Hell, if you roll the clock back 20 years I couldn't name 1 celebrity who actually owned thier own name.com... not 1
Me, me me! I've had my surname vanity domain for at least 25 years (got it as a freebie for attending a SunOS course!).
You could argue that I'm not a celeb, but in my own mind (and in my cat's minds) I qualify.
I think there's precedent for such things being allowed. It's clearly not attempting to masquerade as the trademark owner and I think courts have taken the view that it's a useful outlet for complaints. Some [...]sucks domains have been bought for lots of money by the trademark owners before now as the only way they could take them down.
Two decades ago it was common to register wwwbigcompany.com to run scams.
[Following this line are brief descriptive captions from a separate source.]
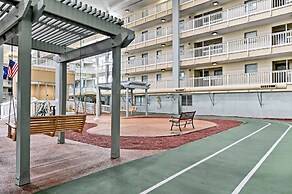 Nautical Hilton Head Resort Condo - Walk to Beach!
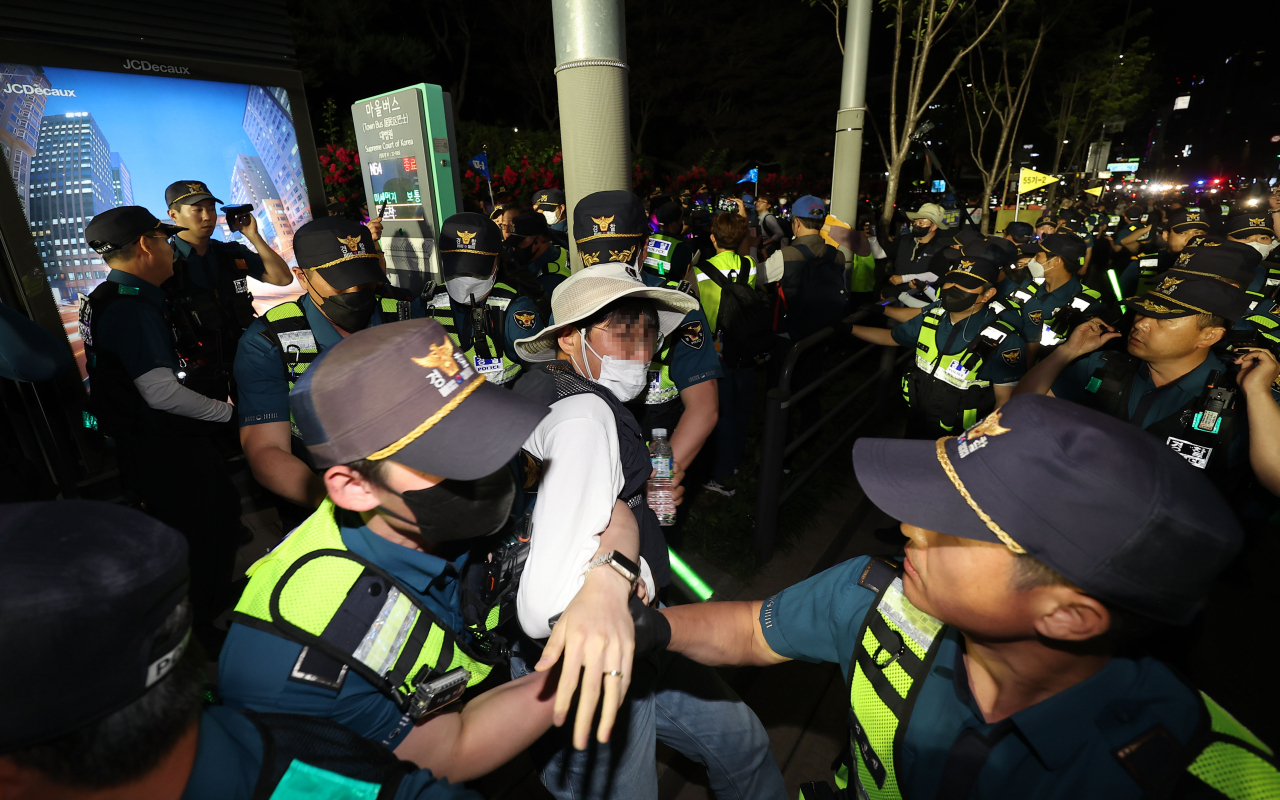 ‘심야 집회·시위 금지’ 개정 움직임에…“권리 제한”vs“책임 전제돼야”[數싸움]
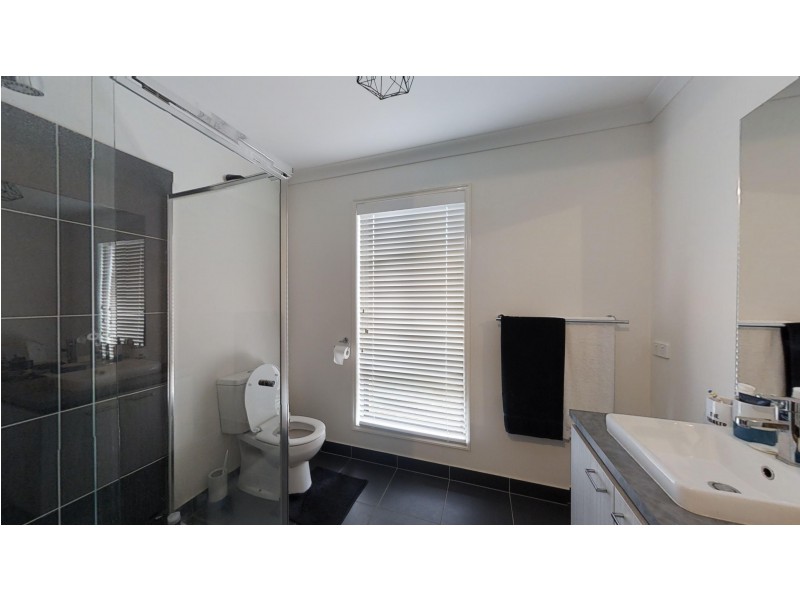 64 Tobin Crescent, Epsom VIC 3551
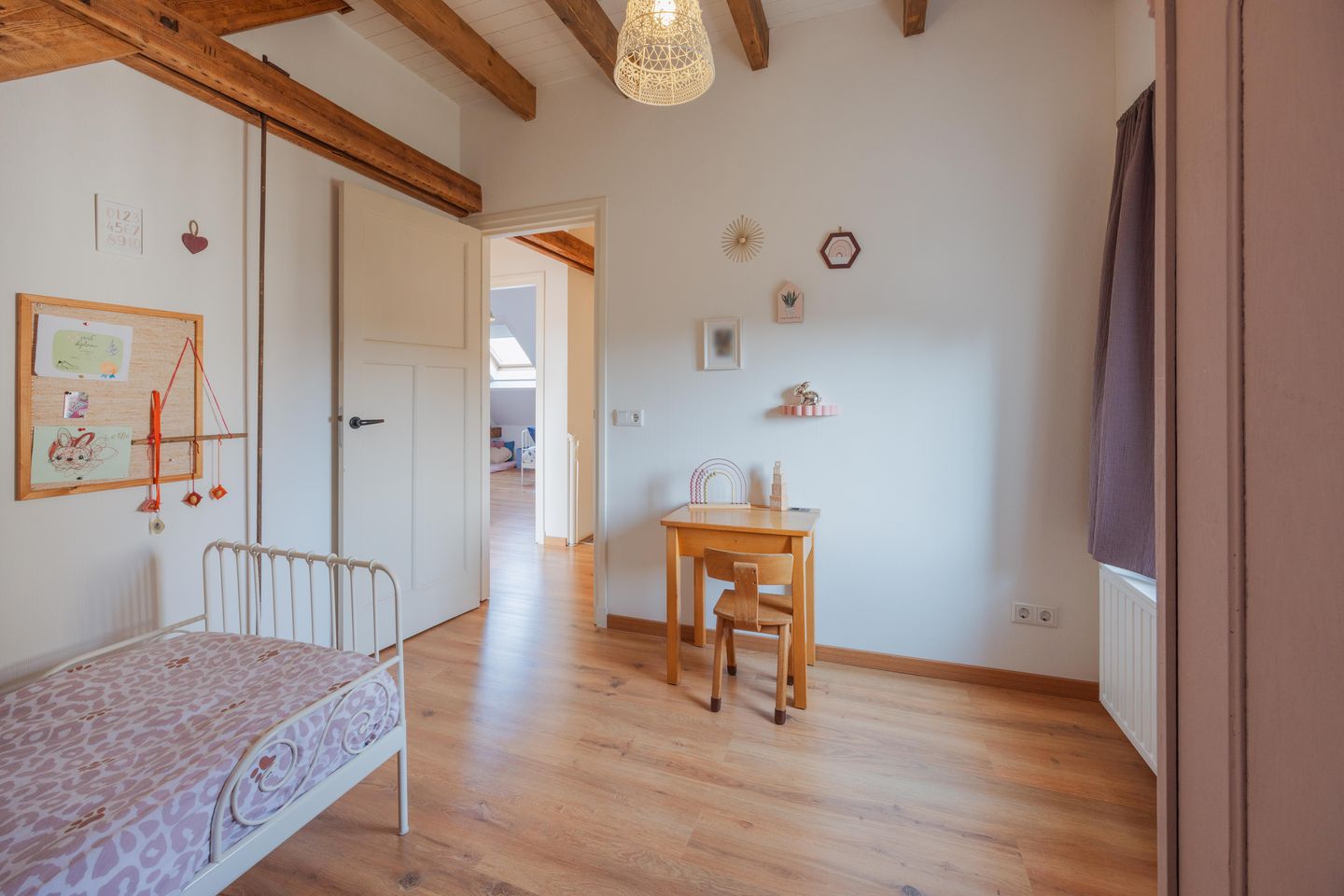 Charming Renovated Two-Storey Home with Large Garden in Horst Centre — 31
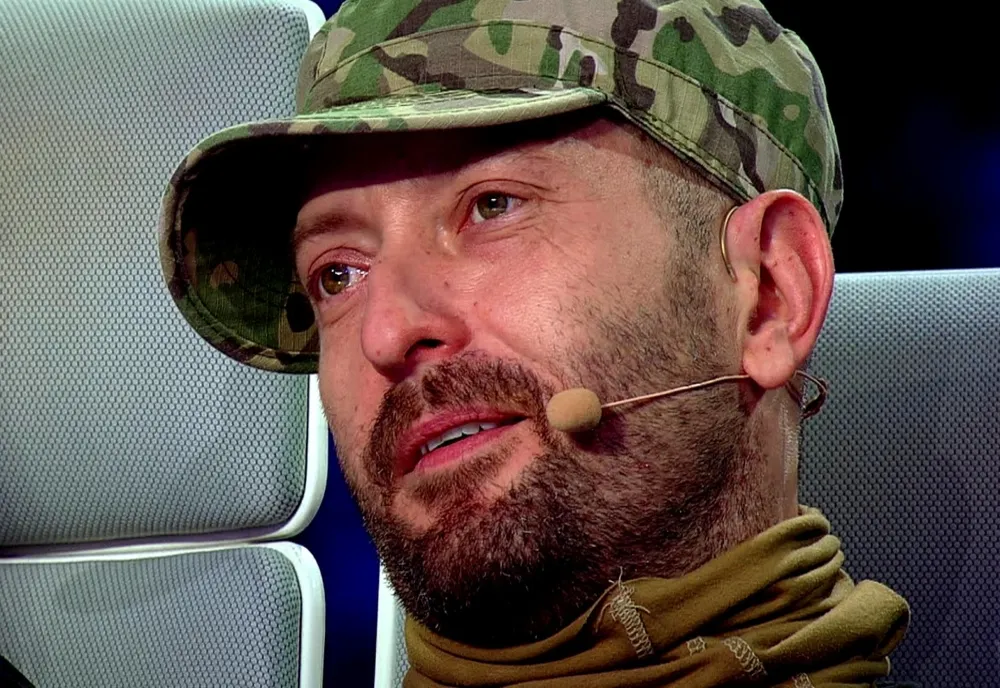 Cheloo a ajuns la Psihiatrie. A făcut scandal la spital și s-a bătut cu polițiștii
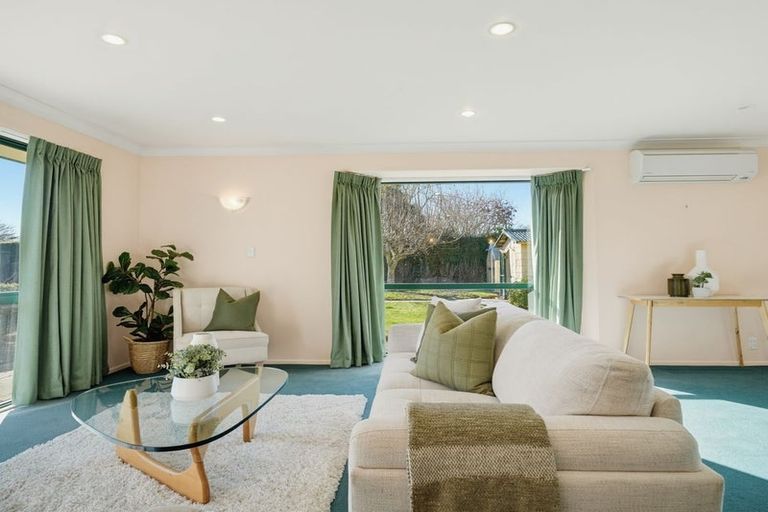 Photo of property in 14 Craigieburn Street, Darfield, 7510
While working for a fortune 500 company, I found a large number owned by the same guy and contacted some of the trademark owners. The in house IP lawyer for another company coordinated 10 processes servers to meet the guy who was trying to run a scam. Its one thing learning your being sued by a company with unlimited money for lawyers, it is another be learn about 10 law suits in about 5 minutes.
Does this relate to
- An extremely pornographic version?
- A sponsored version for the Australian market that includes a free tinnie with every copy? (Export versions will be sold as "Fosters' Windows" instead with the implication that everyone in Australia uses it, even though they don't).
- Expletive-censoring asterisks aren't a legitimate part of a domain name, so "XXXX-windows" is the closest they could get?
Under the heading “good luck with that”, the June judgement grants an injunction against the John Does prohibiting them from “undertaking any similar activity that inflicts harm on Microsoft”.
Doesn't that mean that should further examples come before the court Microsoft can use an expidited proceedure for taking control of the domains based on this court case?
Trademarks were supposed to be an assurance to buyers that the product they purchased came from a trusted supplier. In other words, to protect consumers. In the modern era, they do seem to have more often been used to stifle competition.
What I see here is MS actually using trademarks for their intended purpose - to protect users from suckered into believing they are visiting a trusted domain.
Yes, I'm also aware of the opportunities for ironic responses about MS own products and services, but this seems to be one of those rare occasions when they're trying to do the right thing.